Not fireproof, but good ol asphalt tape, used to insulate aluminum AC lines. is a good buffer between the tabs to hold down fuel lines to the floor. Super sticky, and a good vibration isolator that will not react with aluminum. See your NAPA dealer...

HTH...Chris
 
This brings back memories...

I bought an Andair fuel valve at SnF a couple years ago and thought it would take me a couple hours to put it in my RV-8. The airplane had the Van's stock valve in it but I just really liked the look of the Andair valve. The real number turned out to be closer to two full weekends.

As others have noted, there is not a lot of working room around the bottom of the valve.

The other problem is that the soft aluminum fuel line that Van's supplies for this connection is very easy to accidentally crimp (and ruin). The valve has three inputs (one in from each tank and the output). I would very carefully consider how you will route the tubing then buy the appropriate A/N fitting from a place like JEGS speedshop. I think it is better to use a 45 or 90 degree fittings than to try to bend the tubing to a small radius.

After destroying the tubing once I ended up using stainless steel braided hose (also from JEGS) which was much easier to work with. It was fairly expensive compared to the soft aluminum.

If you think about it, this is on the inlet side of the fuel pump(s) so the fuel is really not under pressure at all so you could use just about anything for this application.

When you are done with the plumbing part you get to the other fun part -- mounting the valve and making it look pretty. A lot more work than you might think.

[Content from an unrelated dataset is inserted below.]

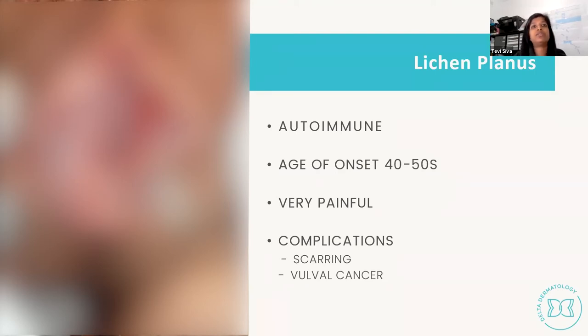Topicals — particularly compounded clobetasol, the strongest topical steroid available in Australia via special TGA access — work for about a third of patients. Because lichen planus often involves the vaginal mucosa, patients also need pessaries; I use prednisolone pessaries modified for vaginal use to provide internal mucosal treatment alongside external vulval treatment.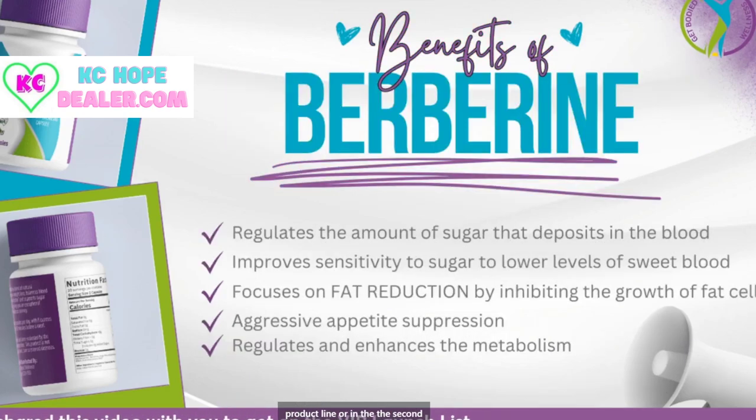The second ingredient in this product line is Berberine. Berberine regulates the amount of sugar that deposits in the blood. It is going to regulate the amount of sugar depositing into your blood and improve the sensitivity to sugar in your system so that it lowers the chance of sweet blood. It's going to focus on fat reduction by inhibiting the growth of fat cells — it's going to stop your fat cells from growing, which is powerful.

One warning: take a moment to ensure you don't plumb the valve backward (left wing tank to right inlet and vice versa). It is apparently easy to do (from postings on the subject from some time ago). It will still work of course but it will be mighty confusing for the pilot.
 
Tube vs Hose

Bruce,

Your post kept troubling me and I finally figured out why.

Braided hose is usually used where internal pressure is greater than external pressure. The braiding does a really good job keeping the hose under control and protected with high internal pressure.

Unfortunately, the fuel lines from the tanks to the valve and on to the pump are all on the suction side of the pump and will have pressure below atmospheric. If a hose breaks down it could colapse and restrict the flow of fuel. The braiding is not so good at keeping a hose open with higher pressure on the outside.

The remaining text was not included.